Uratowałam małżeństwo mojego brata przed rozwodem, a on teraz mnie nienawidzi

Od dziecka byłam przyzwyczajona troszczyć się o mojego młodszego brata. I chociaż ja i Krzysiek dawno już nie jesteśmy dziećmi, nadal mam w sobie to poczucie odpowiedzialności za niego. Czuję, że wystarczy, żebym na chwilę się odwróciła i przestała go kontrolować – a on od razu coś nabroi.

Wiem, że to nie do końca zdrowa postawa, ale nie umiem inaczej. Tym bardziej że w dzieciństwie Krzysiek naprawdę był niezłym łobuziakiem. A za wszystkie jego wybryki rodzice obarczali winą mnie, jako starszą siostrę. Chyba stąd wzięła się ta moja potrzeba, by zawsze mieć na niego oko.

Niedawno dowiedziałam się, że małżeństwo Krzyśka jest na skraju rozpadu. Opowiedziała mi o tym jego żona, Kasia, z którą mam bardzo dobre relacje.

– Rozwodzimy się – powiedziała mi spokojnie podczas jednego ze spotkań.

– Co ty mówisz?! – zdziwiłam się. – Przecież jesteście razem od piętnastu lat, macie dwójkę dzieci…

– Bo Krzysiek ma drugą rodzinę – odpowiedziała Kasia.

– Co? – aż mnie zatkało. – Nigdy w życiu w to nie uwierzę! Skąd ten pomysł?

– Sam mi niedawno o tym powiedział – westchnęła Kasia. – Pamiętasz, jak jakieś osiem lat temu pokłóciliśmy się i przez pół roku mieszkaliśmy osobno?

– No tak, pamiętam – odpowiedziałam. – I co?

– W tym czasie spotykał się ze swoją pierwszą miłością ze szkoły – wyrzuciła z siebie Kasia. – A potem ona zaszła w ciążę. My z Krzyśkiem wróciliśmy do siebie, a ona podobno nic mu nie powiedziała o dziecku – chciała wychowywać je sama.

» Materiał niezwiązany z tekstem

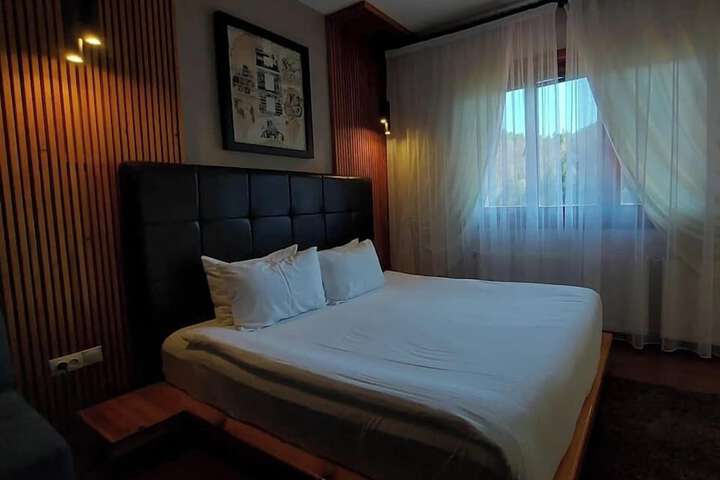 Room 19 of 47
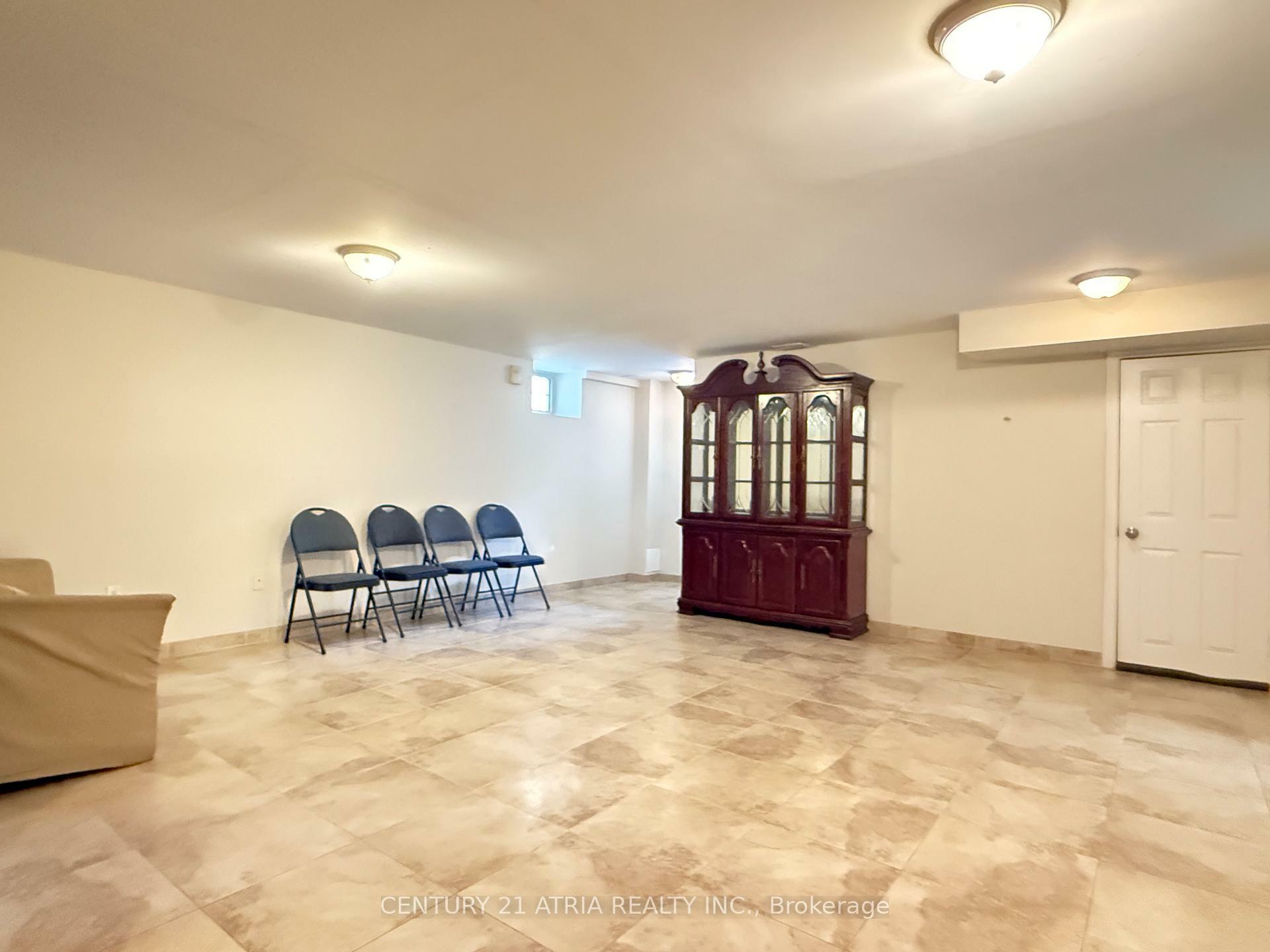 Property Photo: 94 Kings Crescent Bsmt ON L1S 2M7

Ale niedawno Krzysiek spotkał ją w parku z tym chłopcem i… uznał, że dziecko jest do niego podobne. Sam mi o wszystkim opowiedział.

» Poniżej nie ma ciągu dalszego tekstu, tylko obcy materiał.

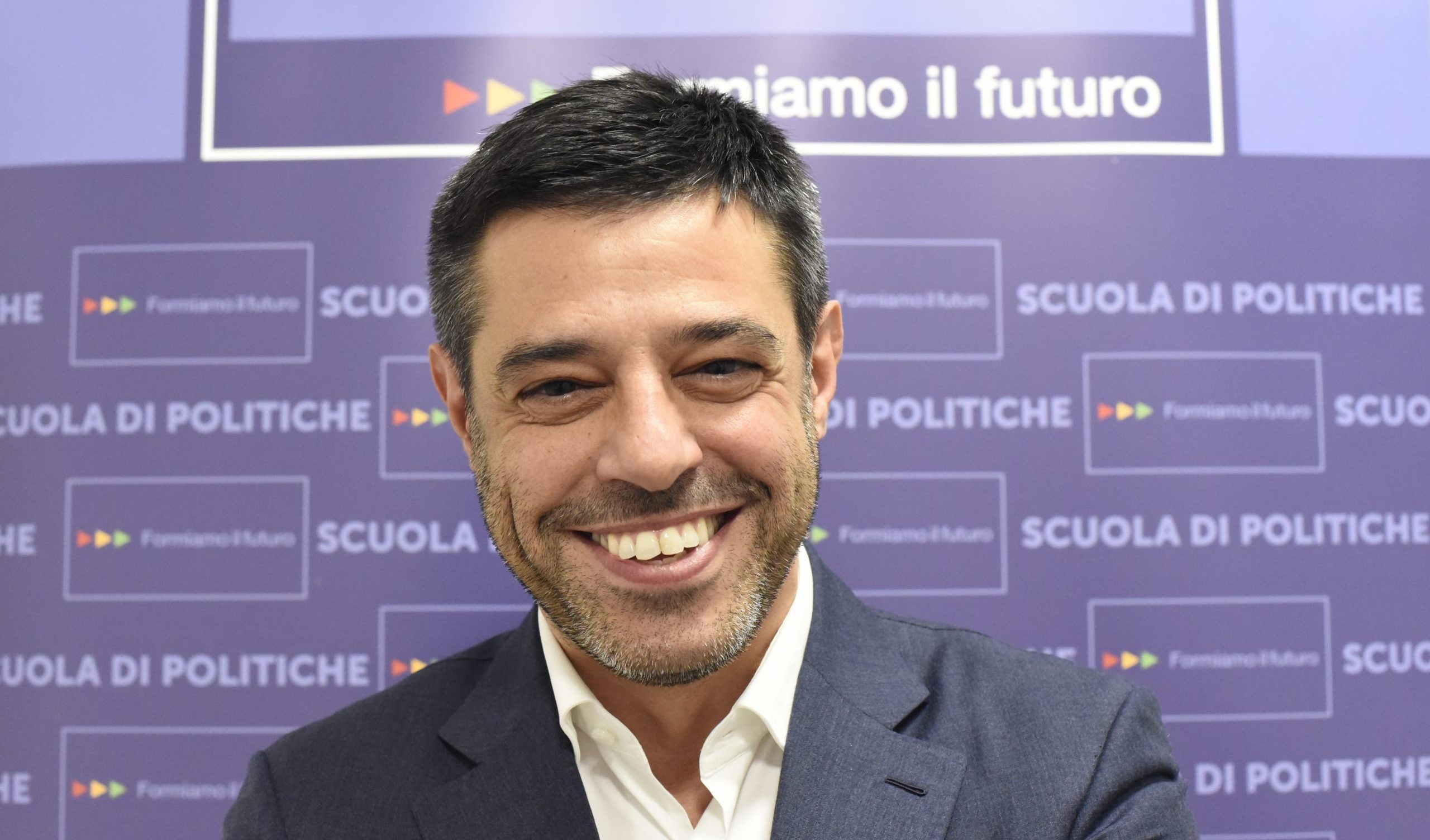 Elezioni, le 'sofferenze' democratiche per le candidature e Marco Meloni severo esaminatore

– Poczekaj chwilę – zatrzymałam ją. – To jeszcze niczego nie dowodzi. Proszę, nie podejmuj pochopnych decyzji. Daj mi to wyjaśnić, a potem zdecydujesz, czy się rozwodzić.

Na szczęście miałam numer tej Ani – dawnej miłości Krzyśka. Od razu zadzwoniłam i poprosiłam, by wyjaśniła sytuację.

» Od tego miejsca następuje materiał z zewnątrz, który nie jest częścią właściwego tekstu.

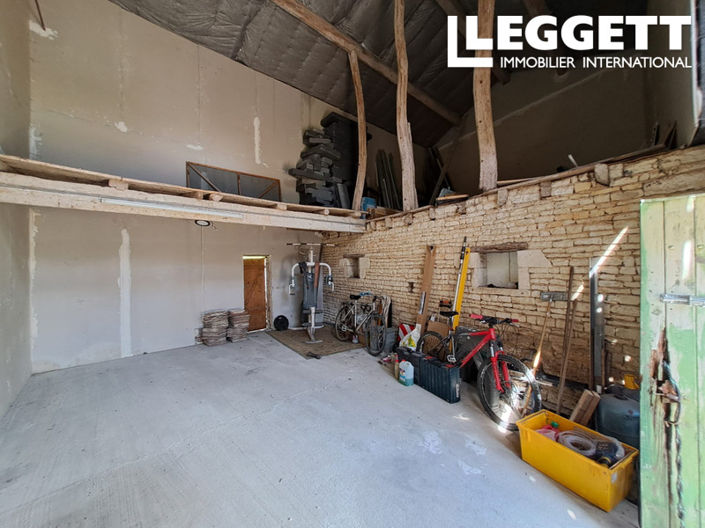 Image No.8-2 Bed House for sale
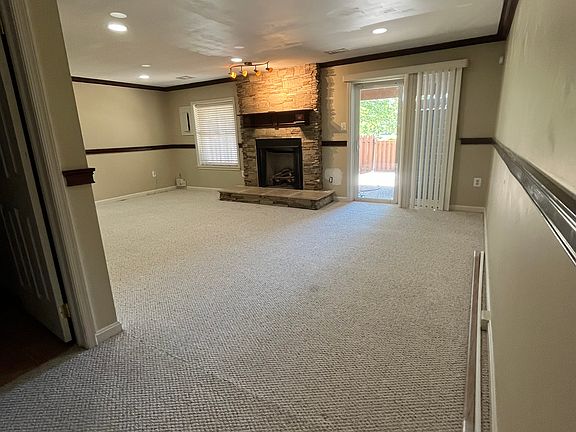 4th image of 5319 Lake Cove Ct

– Słuchaj… – zdziwiła się Ania. – To Krzysiek ci powiedział, że mój syn jest jego?

– Właściwie to jego żona, ale od niego się dowiedziała – odpowiedziałam.

– Boże, co za bzdury! – roześmiała się Ania. – Nigdy czegoś takiego mu nie mówiłam. To prawda, niedawno spotkaliśmy się przypadkiem w parku. Nie ukrywam, byłam na niego wściekła. Chociaż minęło tyle lat, nadal pamiętałam, jak mnie porzucił, gdy żona go zawołała. Więc chciałam trochę go podrażnić. Kiedy zapytał, czy to jego dziecko, odpowiedziałam tylko, że to nie jego sprawa. Chciałam, żeby się pomęczył. Ale nie sądziłam, że pobiegnie z tym do żony!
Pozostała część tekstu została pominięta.